### What this task involves
Lines before the one containing "Hotel Kastel Transylvania 3*" are not copied; that line and every one after it, through the end of the material below, are printed exactly, without pictures.

### Data provided
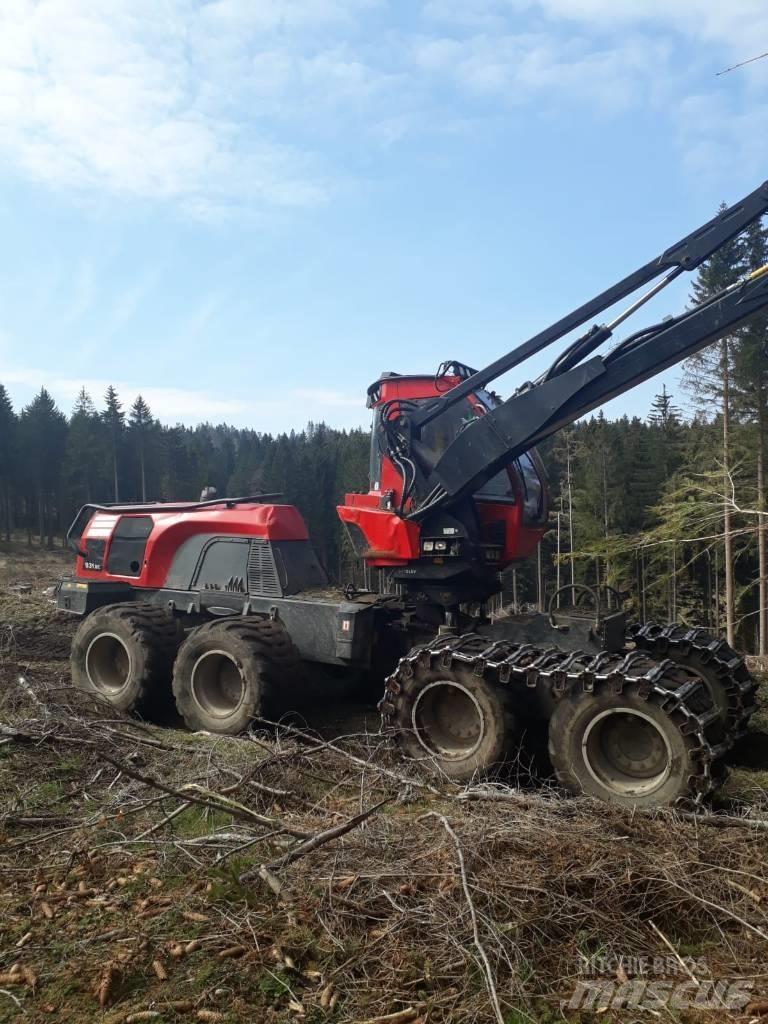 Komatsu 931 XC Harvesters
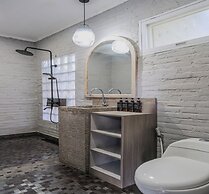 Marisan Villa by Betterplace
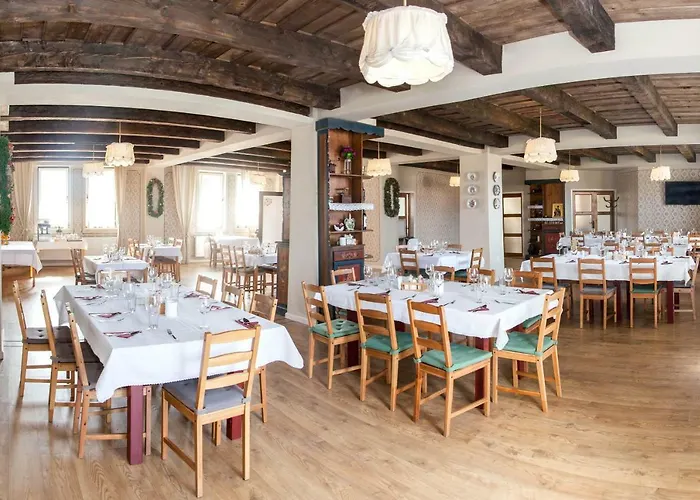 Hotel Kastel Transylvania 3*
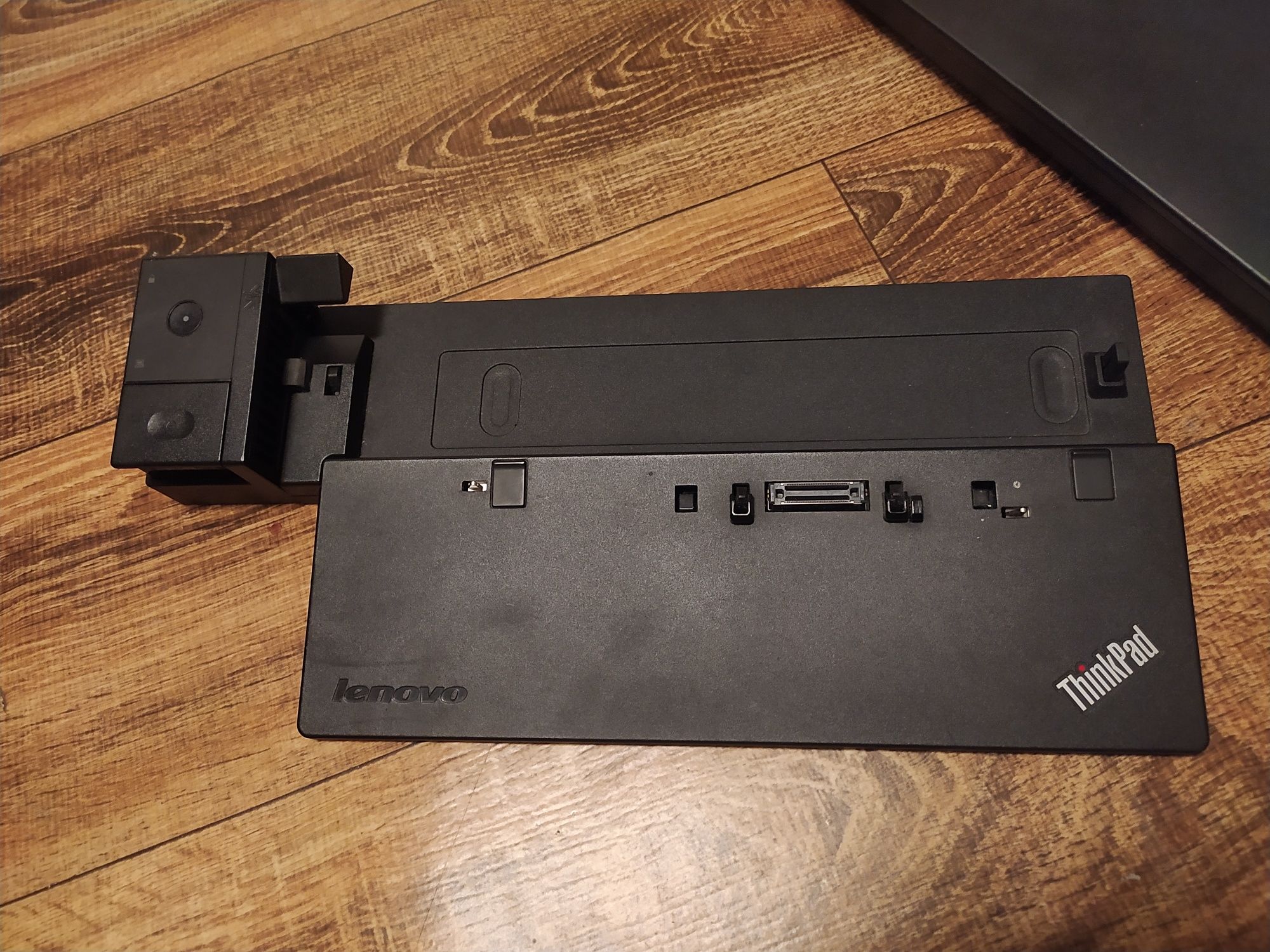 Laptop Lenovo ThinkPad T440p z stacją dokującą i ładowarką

### Your response
 Hotel Kastel Transylvania 3*
 Laptop Lenovo ThinkPad T440p z stacją dokującą i ładowarką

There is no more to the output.